A deep learning signature with 9 selected features was significantly associated with OS in both training cohort (hazard ratio [HR]=5.455, 95% CI: 3.393–8.769, P<0.001) and external validation cohort (HR=3.029, 95% CI: 1.673–5.485, P=0.004). The nomogram combining deep learning signature with clinical risk factors of TNM stage, lymphatic vessel invasion and differentiation grade showed favorable discriminative ability with C-index of 0.800 as well as a good calibration, which was validated in external validation cohort (C-index=0.723). Additional value of deep learning signature to the nomogram was statistically significant (NRI=0.093, P=0.027 for training cohort; NRI=0.106, P=0.040 for validation cohort).
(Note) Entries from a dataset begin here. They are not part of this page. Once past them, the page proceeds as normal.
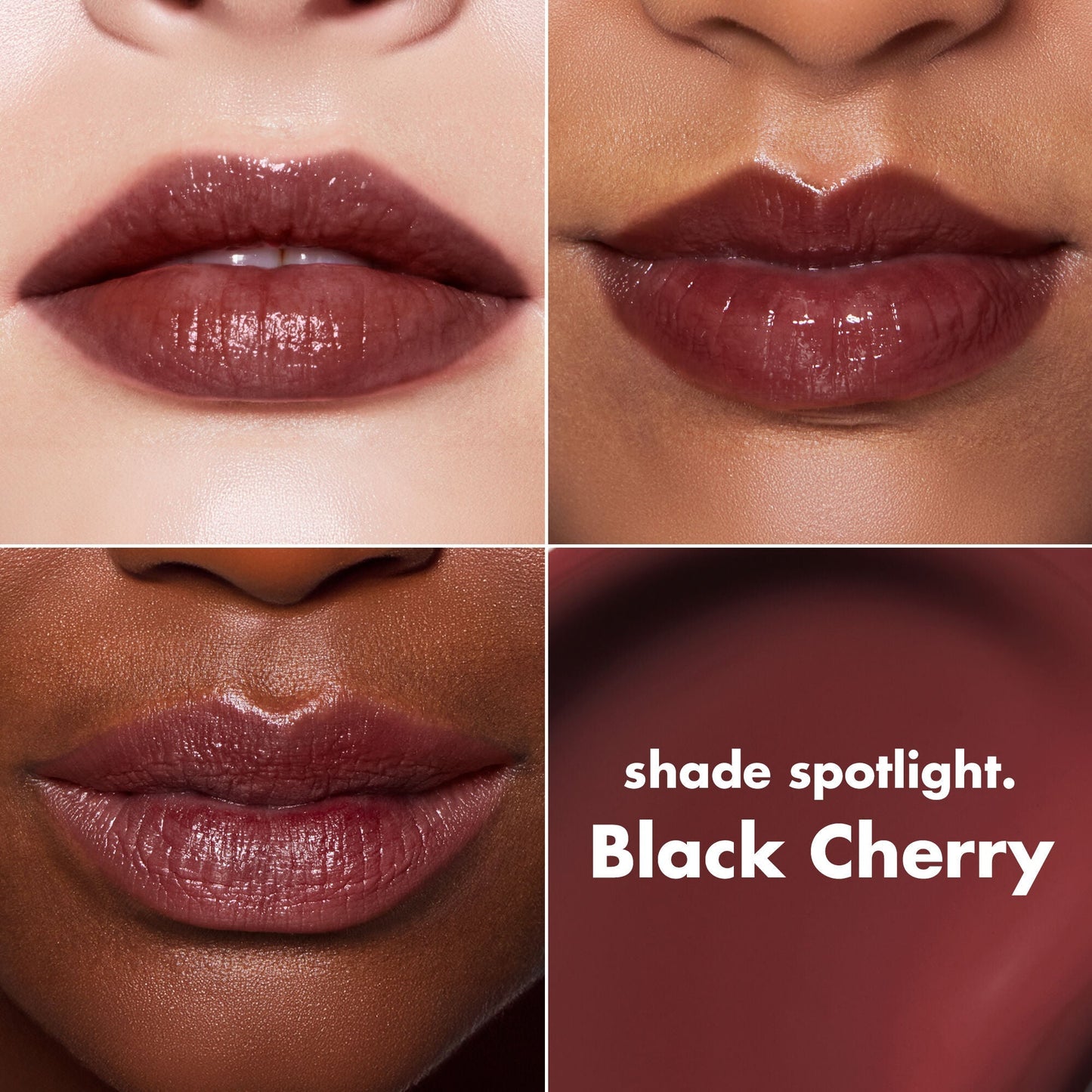 lip-lacquer-d6 0426_EDU_LipLaquer_ShadeChart_BlackCherry.jpg
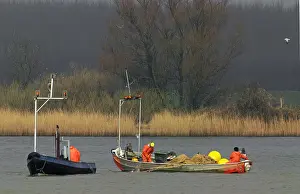 Biesbosch, Biesbosch
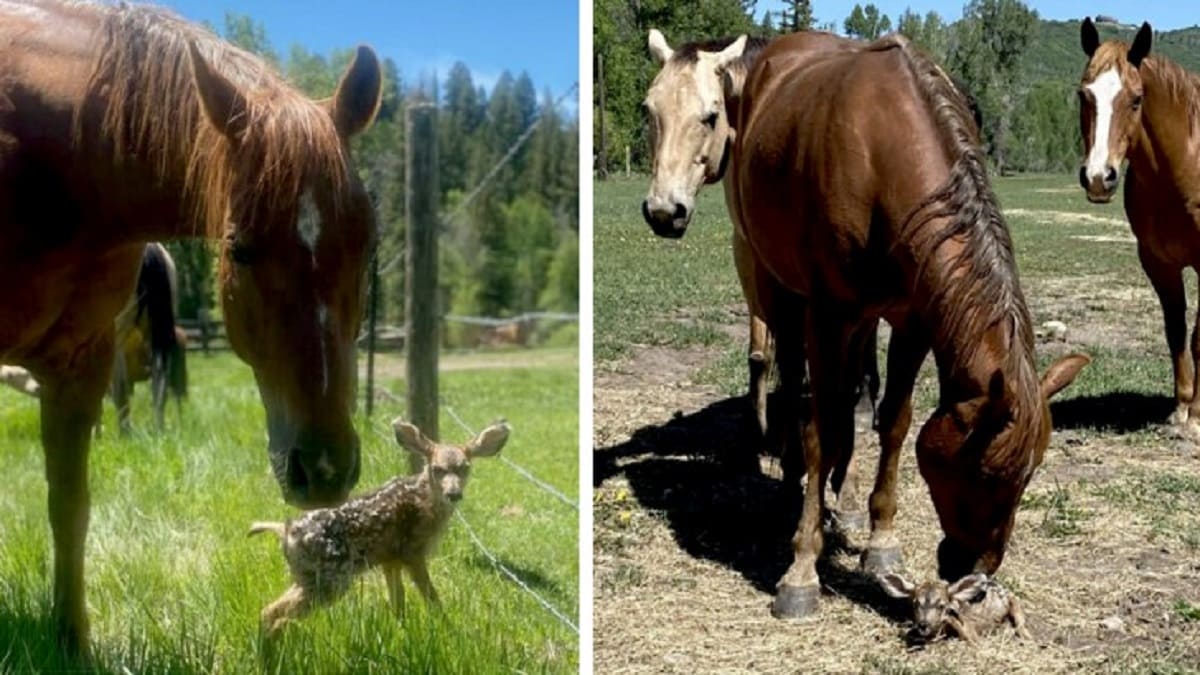 Cavalos protegem um pequeno cervo enquanto ele espera por sua mãe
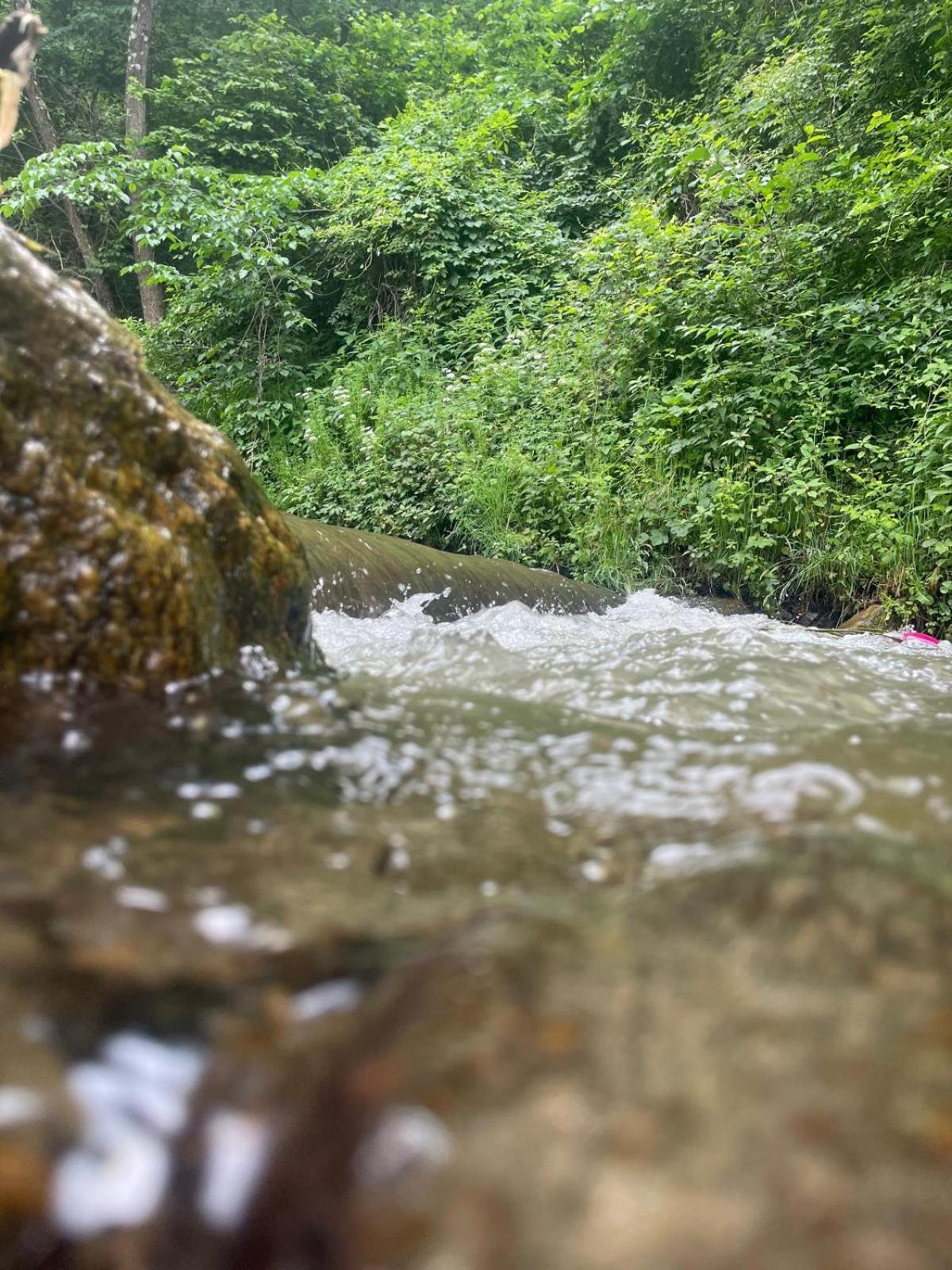 Pensiunea Casa Transalpina Sugág Kültér fotó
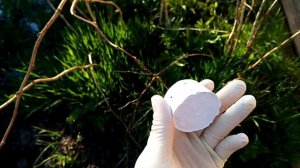 Акриловый гипс своими руками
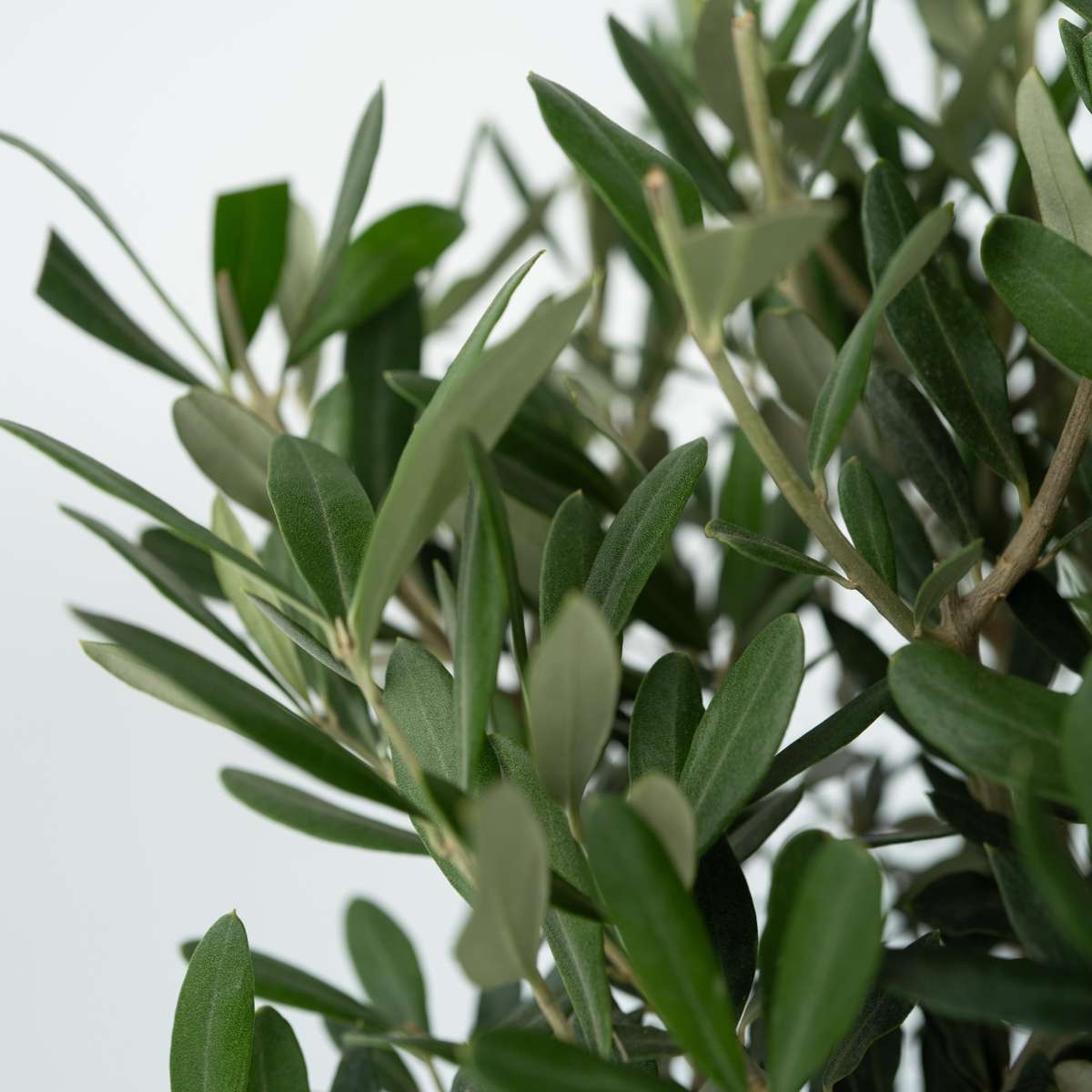 Florastore Olivenbaum - 2 Stk - Olea Europaea - Höhe 50-60Cm - ⌀14Cm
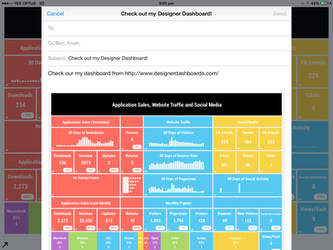 Dashboard Share Options - iPad Mini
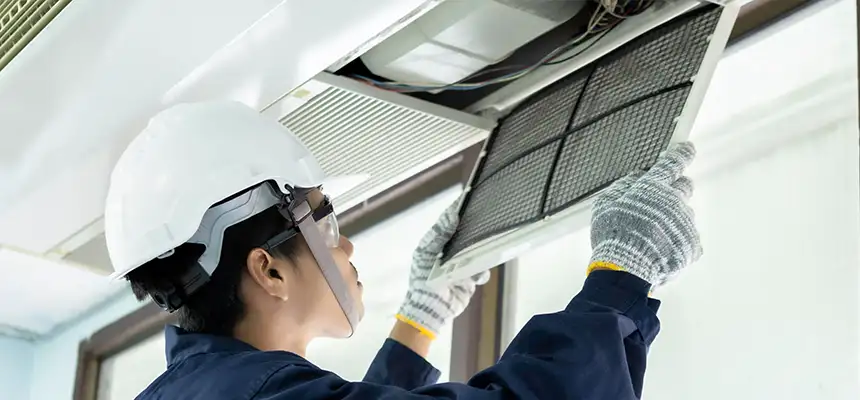 Our Lint Trap Cleaning Service Services in Oak Forest, IL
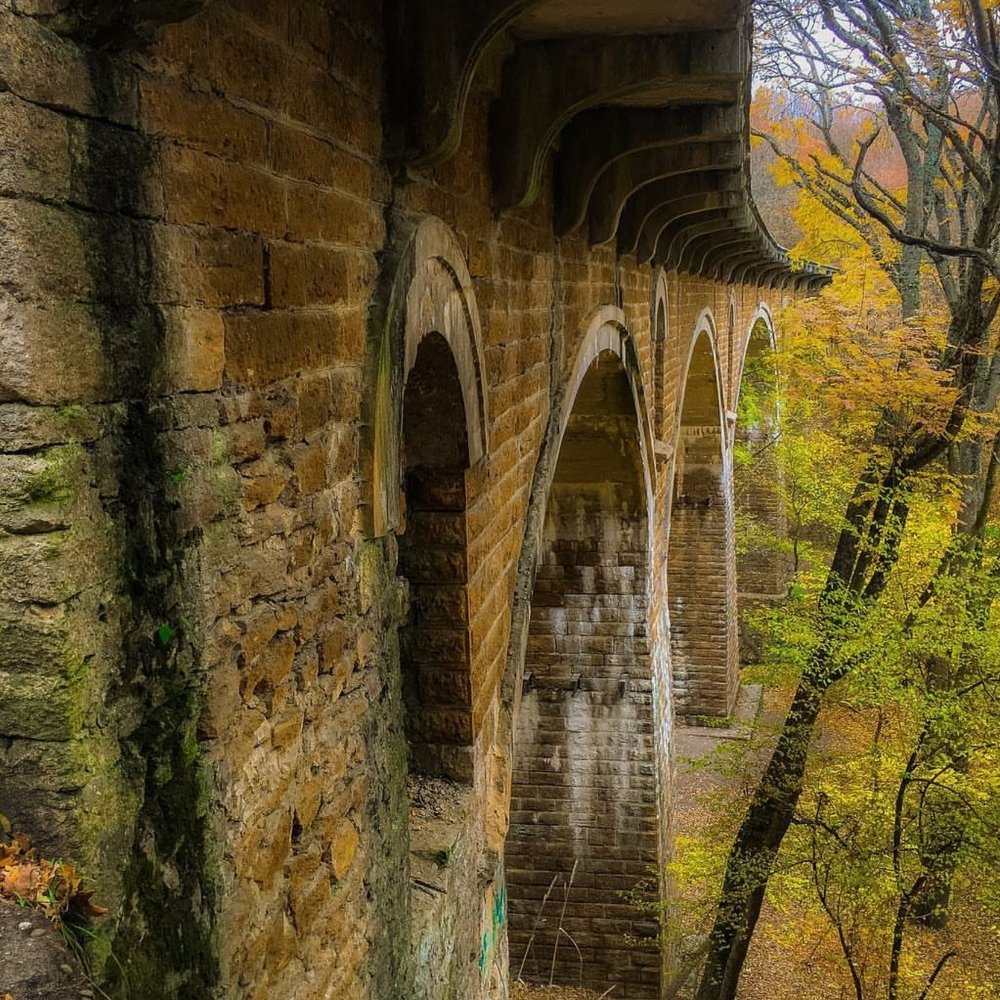 Photograph by Ольга Верхотурова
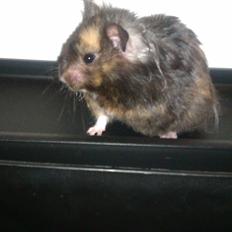 Hamster Bella Hamster Gonzardes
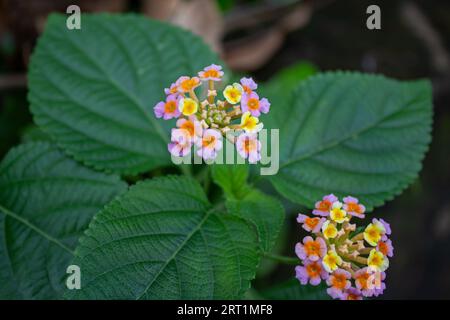 Fleurs blanches et roses dans kottakkal Kerala Inde Banque D'Images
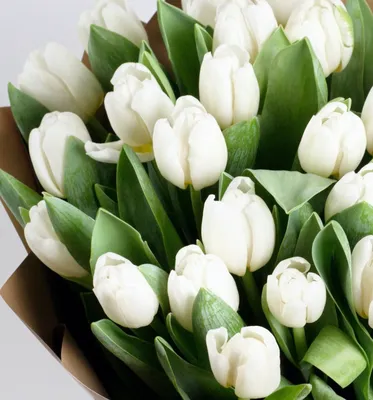 Кейт: белые тюльпаны в шляпной коробке по цене 6995 ₽ - купить в RoseMarkt  с доставкой по Санкт-Петербургу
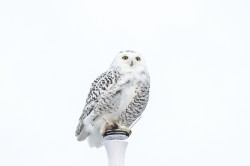 Bubo, scandiacus, Snowy, Owl, Nyctea, scandiaca, Canada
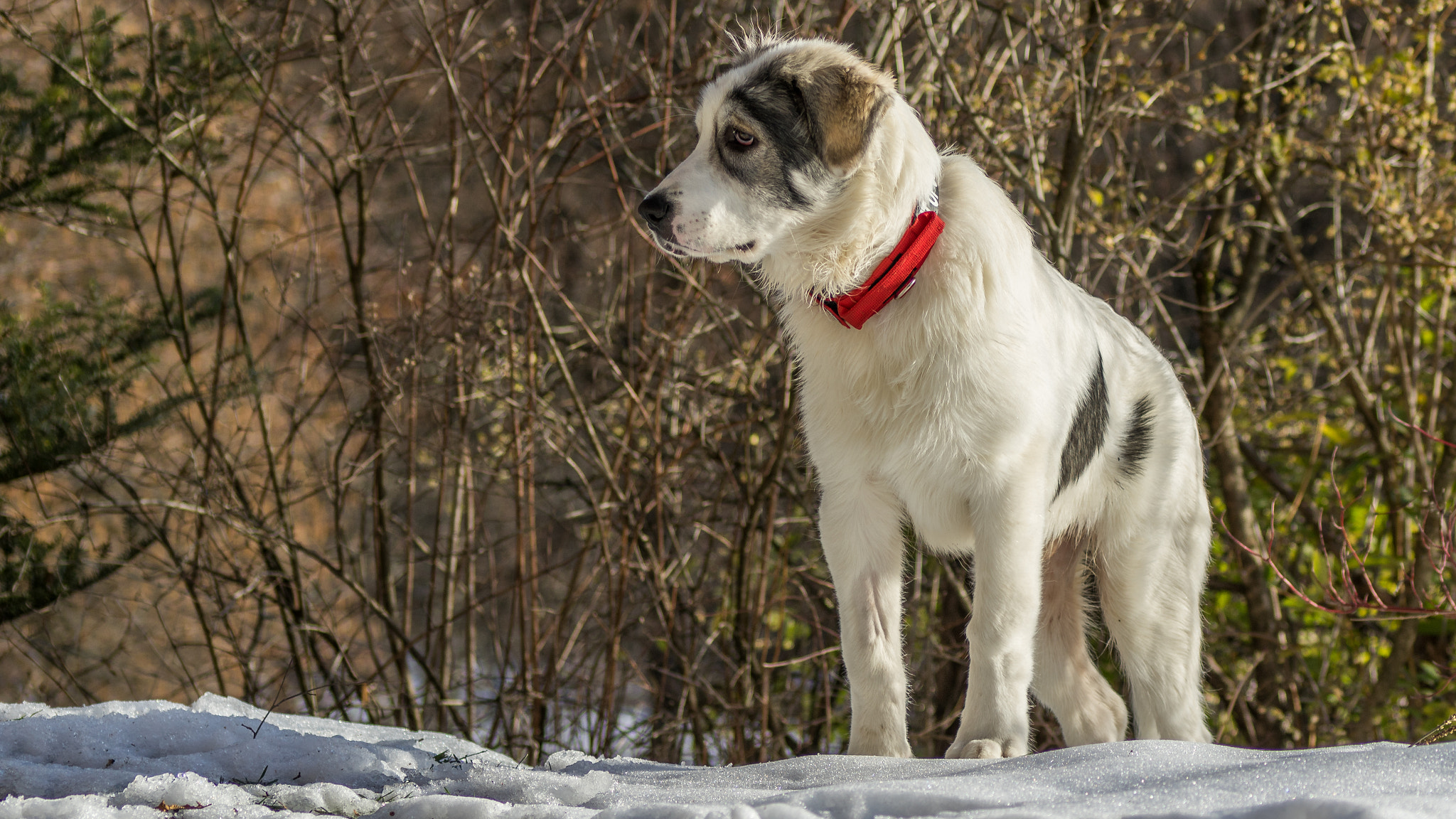 Sony 75-300mm F4.5-5.6 sample photo. Papou, 24 janvier 2016 (5 mois, 32 kg) photography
Decision curve analysis confirmed the clinical usefulness of this nomogram in predicting OS.

Conclusion

The deep learning signature-based nomogram is a robust tool for prognostic prediction in resected NSCLC patients.

Acknowledgments

This work was supported by National Natural Scientific Foundation of China [82072090 and 81601469], Natural Science Foundation of Guangdong Province in China [2018A030313511], Guangzhou Science and Technology Project of Health [20191A011002], Clinical Research Startup Program of Southern Medical University by High-level University Construction Funding of Guangdong Provincial Department of Education [LC2016PY034].

Disclosure

The authors report no conflicts of interest in this work.